* Hop quiz
* What I learned in Michigan
* Shifting acreage
* Dank outtake
* Hop quiz answer
Welcome to Volume 9, No. 9. I am just back from Michigan’s Great Beer State Conference & Trade Show and headed out tomorrow for Tucson and the American Hop Convention. First, however, I get the pleasure of typing, “Now, a word from our sponsor:”
Registration for the 2026 Best of Craft Beer Awards is now open, closing Jan. 31. Use promo code HOPQUERIES at checkout for 20% off entry fees. Competition details and registration link at bestofcraftbeerawards.com
HOP QUIZ
What do Cascade, Halltertau Mittelfrüh, US Tettnanger (really Fuggle), Willamette, and Bullion have in common? Granted, there’s more than one right answer, but I have a specific one in mind. (Answer at the bottom.)
WHAT I LEARNED IN MICHIGAN
– The Michigan Craft Beverage Council has awarded a grant to study the difference between T-90 pellets and Blue Lake Process flash frozen whole cone wet hops. The plan is to compare the aroma and chemical profiles of several cultivars grown in Michigan.
BLP flash frozen hops? I wrote about the process for Brewing Industry Guide last year. The idea began with hop farmer Jim Schlichting, who upon retiring bought 40 acres of land next to his home and began growing hops. When he discovered he could not make money with a traditional approach he began looking for an alternative, working with the Michigan State University Food Processing Innovation Center.
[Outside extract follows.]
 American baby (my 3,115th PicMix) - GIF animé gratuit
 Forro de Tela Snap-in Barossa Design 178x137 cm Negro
Basically, he freezes the hops fresh off the bines and ships them in vacuum sealed packages along with reusable ice packs. The cones should remain frozen until brew day. After thawing them, brewers may use them as they would unkilned hops, replacing each pound of pellets in a recipe with four pounds of cones. Blue Lake markets the hops to both homebrewers and commercial breweries.
This is how the research project will work. The varieties will be harvested next fall, and 10 pounds of each will be flash frozen using the BLP. T-90 pellet samples of each of the varieties will be collected from the same lot. A laboratory at Michigan State University will compile chemical profiles for both the BLP and T-90 samples. In addition, a sensory team at Bell’s Brewery will evaluate them.
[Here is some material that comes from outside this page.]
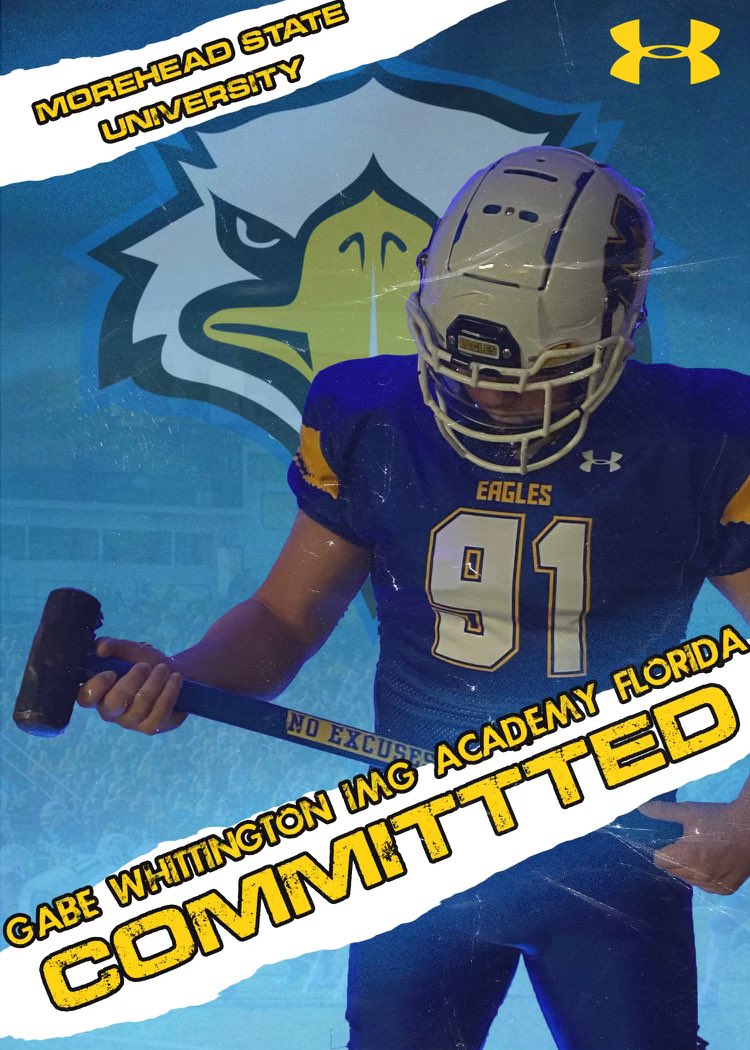 BiG_GRIZZ04's tweet photo. 100% committed!!! Blessed and humbled. Let’s go!!!! @IMGAFootball @RobTenyerMSU @CoachStrobel @CoachSoucy99 @Coach_Bru50 @MSUEaglesFB @moreheadstate @CoachKyleBrey @CoachPondIMG @2TraysBigNate #SoarHigher https://t.co/NseocKl37i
A proposal for the study states: “If our research determines there are differences between BLP and T-90 pellets and the resulting beer, there would be market impacts for Michigan hop growers and brewers. (They) could realize new market channels for their hops while saving money on drying and processing by using the BLP for a portion of their beers. (They could also) meet demand for wet hop harvest ales by diversifying their portfolio with year-round ‘harvest’ ale using BLP hops.”
– Hop Head Farms is part of two stories. Grower Rick Kawalski and Hop Head won the Chinook Cup. The award is patterned after the Cascade Cup, a national contest that the Hop Quality Group initiated in 2013. The Michigan growers chose Chinook to showcase because grown in Michigan the hop established a reputation for fruitier character (think pineapple) than the Chinook grown in the Northwest exhibited at the time. Acadia Hops (Ryan Duey), which is no longer in business, tied with Top Hops (Sean and Mark Trowbridge) for second. This is the seventh time since the Hop Growers of Michigan began the Chinook Cup competition in 2017 that Top Hops has placed in the top three.
– In December, members of the Michigan hop industry learned that Hop Head Farms, one of its OG growers, will not string hops in 2026. Rob Sirrine, a senior extension educator at Michigan State University coordinates hop research in the state, estimates that means Michigan farmers may harvest fewer than 100 acres this year.
Because the USDA does not collect official data outside the Northwest, charting expansion and contraction elsewhere was always a challenge. However, it was pretty clear when Michigan quickly became the fourth largest hop producer in the country. The Hop Growers of America estimated that Michigan farmers harvested 320 acres in 2015, 650 in 2016, and 810 in 2017. Acreage began to shrink in 2018, dipped to 500 by 2020, and likely fell below 250 in 2025. (The HGA quit including that data in its annual statistical report after 2024.)
Of course, many brewers knew Hop Head better as a merchant with a large catalog, and may not be aware that in November John I. Haas took over fulfillment of Hop Head’s existing contracts and customer relationships for non-Michigan hops. Hop Head has crop year 2025 Michigan hops, including those grown in its farm, for sale but it is not clear what might happen next. If anybody has information, I will be happy to pass it along.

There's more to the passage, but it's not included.